Zack Snyder casually hints at Dieter’s return, having survived his encounter with Zeus long enough to make it to the sequel. “The real adventure would be to see what happened to him when that safe door closed,” he muses. “Did he get killed by Zeus or not? What happened? We don’t see him die on camera, and there’s still some time left. I won’t tell you what happens in Army of the Dead 2 — aka Planet of the Dead — but let’s just say that there’s a chance Dieter survives. And there’s a chance that brush with death would have caused him to want to find a jailed Gwendoline.” The future of Army of the Dead is simple: Dieter is coming back and as Ezra Miller’s Snyderverse Flash would say, he’s the key.

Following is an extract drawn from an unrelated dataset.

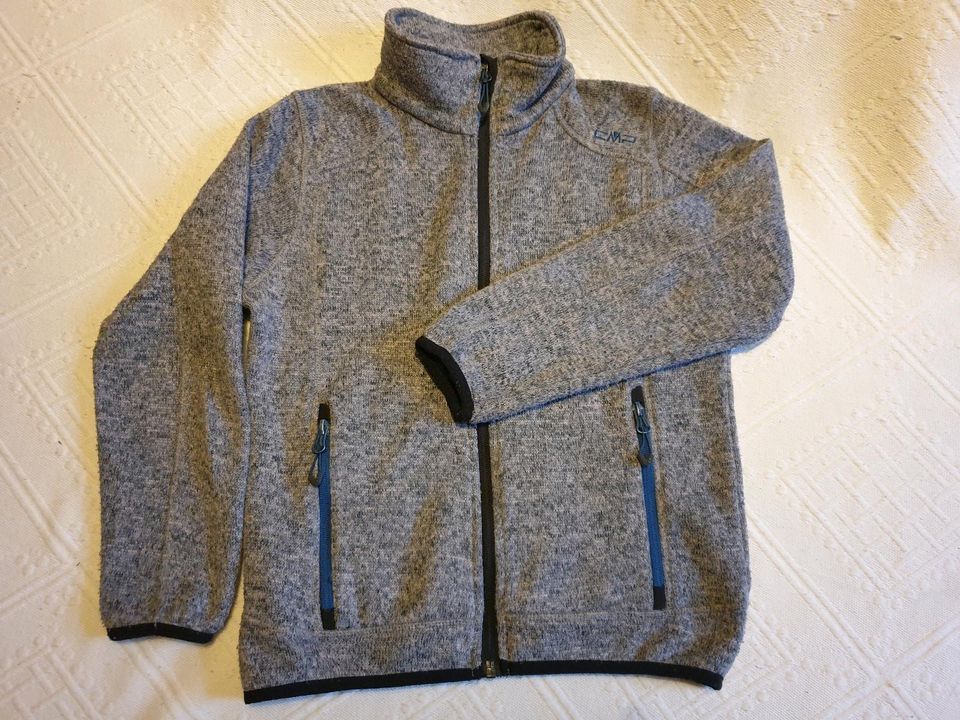 CMP Campagnolo Strickfleecejacke Gr. 140 in München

This year’s Army of the Dead is the second stage in the Ring cycle: Die Walküre, or The Valkyrie. In Wagner’s original play, The Valkyrie was a Romantic adaptation of the Völsunga Saga and Poetic Edda. It tells of the incestuous relationship between Völsung twins Sieglinde and Siegfried and the eponymous Valkyrie Brünnhilde’s attempts at safeguarding the couple’s unborn child in direct opposition to her father Wotan’s wishes. Though the details deviate considerably from Wagner’s work, Zack Snyder clearly intended for Scott Ward’s daughter Kate (Ella Purnell) to be the unborn offspring to survive successive threats to her life. It’s a willing sacrifice Dave Bautista’s Ward makes as a proud and happy parent, only for Kate to come into her own in Planet of the Dead.

And while Planet of the Dead is Siegfried — the segment to come after — Snyder is betting all his chips on Army of the Dead: Lost Vegas, the Götterdämmerung (or Twilight of the Gods) of the Watchmen director’s zombie version of The Ring. The anime series is currently in the works and it’s shaping up to be the funeral of all funerals for the unwitting gods and heroes of Zack Snyder’s dystopian epic.

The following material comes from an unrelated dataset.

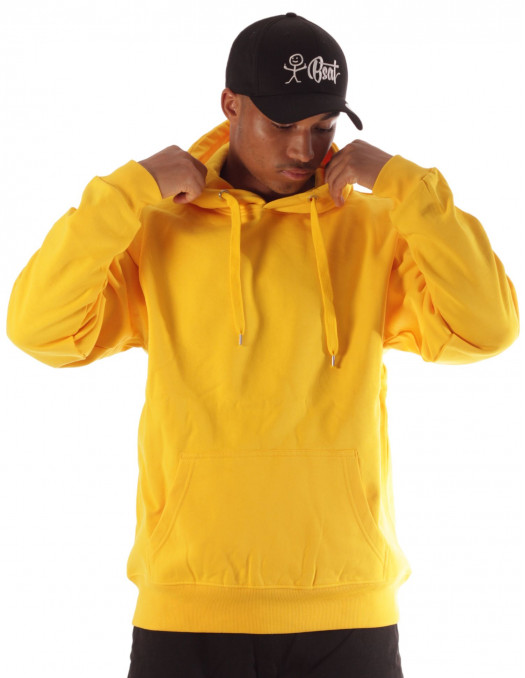 Plain hoodie Yellow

What happens in Planet of the Dead is anyone’s guess at this point. In Wagner’s Der Ring des Nibelungen, Siegfried revolves around the title character’s hero’s journey to one day become the savior of Asgard, as well as his star-crossed romance with Brünnhilde the Valkyrie. With Ludwig Dieter shaping up to become the new lead of the franchise, Planet of the Dead could be anything from Dieter’s rise to the top, to an intimate love story between Alpha Dieter and Gwendoline (Nathalie Emmanuel) from Army of Thieves. It can’t be a coincidence Ludwig Dieter is German, just like Wagner and Siegfried. With two entries in his Ring cycle already hammered out, it goes without saying Zack Snyder’s ultimate Gesamtkunstwerk is only just beginning.

Zack Snyder’s Army of Thieves is a romantic comedy starring director Matthias Schweighöfer as Ludwig Dieter and Nathalie Emmanuel as Gwendoline. It comes out tomorrow, October 29, on Netflix. Army of the Dead: Lost Vegas is still in production. Planet of the Dead is on the way.